Leistungsüberprüfungen beginnen mit dem Formulieren von Kenntnissen und Kompetenzen, die von Studierenden erreicht werden sollen. Qualitätsvolle Leistungsüberprüfungen sind wesentlicher Bestandteil universitärer Lehre und spielen beim Erreichen einer stärkeren Studierendenzentriertheit universitärer Lehre eine tragende Rolle. Dazu ist es erforderlich, das Wissen (Kenntnisse) und Können (im Sinn von Kompetenzen) der Studierenden in den Mittelpunkt des Lehrens und Lernens sowie des Prüfens zu stellen. Für die konkrete Umsetzung in einer Lehrveranstaltung bedeutet dies, Studienziele (Learning Outcomes) nach Wissen und Können auszudifferenzieren und sowohl die Lehre als auch die Leistungsüberprüfung auf diese Ziele hin abzustimmen.

Mit der verstärkten Kompetenzorientierung an Universitäten geht einher, dass AbsolventInnen die im jeweiligen Studium vorgesehenen Kenntnisse und Kompetenzen tatsächlich erworben haben sollten. Das liegt im Qualitätsinteresse der Universität sowie der Studierenden selbst.

Die Funktionen von Leistungsüberprüfungen unterscheiden sich je nach Lehr-/Lernkontext und Perspektive der beteiligten Personen (Lehrende bzw. Studierende). Leistungsüberprüfungen erfüllen einerseits die Funktion eines Leistungsnachweises im Sinn einer abschließenden Feststellung und Beurteilung von studentischem Wissen und Können. Andererseits haben Leistungsüberprüfungen eine lernfördernde und lernsteuernde Funktion1, abhängig von ihrer Form und der Differenziertheit der Rückmeldungen an die Studierenden.
Daher ist es zentral, die Art der zu überprüfenden Kenntnisse und Kompetenzen zu beachten und die Prüfungsanforderungen für die Studierenden transparent zu machen.

Kompetenzorientierung (d.h. Prüfungen so anzulegen, dass ein Rückschluss auf zugrunde liegende Kompetenzen möglich ist) sowie eine qualitätsvolle und faire Leistungsüberprüfung können als Voraussetzungen einer studierendenzentrierten Lehre gesehen werden. Werden in einer Lehrveranstaltung komplexe Zusammenhänge auf einem hohen kognitiven Anspruchsniveau vermittelt, sollte in der Prüfung auch darauf Bezug genommen werden. Wenn beispielsweise am Ende einer Lehrveranstaltung vor allem deklaratives Wissen geprüft wird, wird von den Studierenden diesbezüglich auf die Prüfung gelernt, selbst dann, wenn in der Lehrveranstaltung anwendungs- und problemlösungsorientiert gelehrt wurde. Werden in einer Lehrveranstaltung vor allem Kenntnisse vermittelt, soll am Ende natürlich auch das entsprechende Wissen überprüft werden.

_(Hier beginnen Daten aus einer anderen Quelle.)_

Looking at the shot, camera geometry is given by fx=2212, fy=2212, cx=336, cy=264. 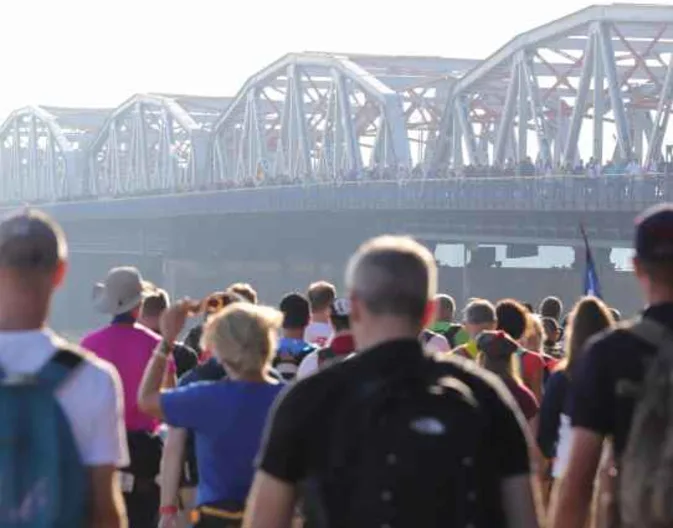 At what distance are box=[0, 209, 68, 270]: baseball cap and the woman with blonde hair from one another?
190cm

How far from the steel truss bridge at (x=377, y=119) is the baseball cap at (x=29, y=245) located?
52853 mm

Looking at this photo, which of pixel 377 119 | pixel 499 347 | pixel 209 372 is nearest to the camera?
pixel 209 372

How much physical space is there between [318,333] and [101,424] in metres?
6.63

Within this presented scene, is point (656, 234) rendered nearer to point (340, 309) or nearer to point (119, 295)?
point (340, 309)

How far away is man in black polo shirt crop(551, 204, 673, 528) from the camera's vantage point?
5.59 meters

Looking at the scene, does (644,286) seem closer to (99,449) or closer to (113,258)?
(99,449)

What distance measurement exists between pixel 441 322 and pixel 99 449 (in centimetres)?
956

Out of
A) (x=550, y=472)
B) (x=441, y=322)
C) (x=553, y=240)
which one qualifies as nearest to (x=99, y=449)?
(x=550, y=472)

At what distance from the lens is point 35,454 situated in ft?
17.4

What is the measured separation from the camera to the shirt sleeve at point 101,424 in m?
5.38

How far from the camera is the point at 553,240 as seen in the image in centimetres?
5881

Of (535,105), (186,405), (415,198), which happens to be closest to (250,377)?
(186,405)

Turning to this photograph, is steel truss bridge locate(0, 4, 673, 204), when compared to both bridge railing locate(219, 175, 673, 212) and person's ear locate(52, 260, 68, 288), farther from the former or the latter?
person's ear locate(52, 260, 68, 288)

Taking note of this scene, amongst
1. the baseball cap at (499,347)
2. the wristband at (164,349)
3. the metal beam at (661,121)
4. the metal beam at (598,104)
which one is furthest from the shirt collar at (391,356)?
the metal beam at (598,104)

Zur Definition des Kompetenzbegriffes wird oft jene von Franz Weinert herangezogen. Weinert versteht unter Kompetenzen „die bei Individuen verfügbaren oder durch sie erlernbaren kognitiven Fähigkeiten und Fertigkeiten, um bestimmte Probleme zu lösen sowie die damit verbundenen motivationalen, volitionalen und sozialen Bereitschaften und Fähigkeiten, um die Problemlösungen in variablen Situationen erfolgreich und verantwortungsvoll nutzen zu können.“2

Im ECTS Leitfaden 20153 wird Kompetenz ähnlich, mit dem Hinweis auf den Nachweis und die Förderung der Kompetenzen, beschrieben:

Kompetenz bedeutet „die nachgewiesene Fähigkeit, Kenntnisse, Fertigkeiten sowie persönliche, soziale und/oder methodische Fähigkeiten in Arbeits- oder Lernsituationen und für die berufliche und persönliche Entwicklung zu nutzen. Im Europäischen Qualifikationsrahmen wird Kompetenz im Sinne der Übernahme von Verantwortung und Selbständigkeit beschrieben“ (…). Kompetenzen können generisch oder fachgebietsspezifisch sein. Die Förderung von Kompetenzen ist das Ziel eines Lernprozesses und eines Studiengangs.“4

Kompetenzen können als Potentiale in einer bestimmten Situation zu handeln betrachtet werden. Ob eine Verhaltensmöglichkeit tatsächlich zur Anwendung kommt, das kann damit nicht gesagt werden. Beobachten kann man nur die Handlung einer Person (die Performanz), die dahinter liegende Kompetenz selbst hingegen nicht. Der Handlung (Performanz) liegt die Kompetenz zugrunde, auf die man durch die gezeigte Handlung indirekt schließen kann.5 Kompetenzen können daher nur indirekt geprüft werden.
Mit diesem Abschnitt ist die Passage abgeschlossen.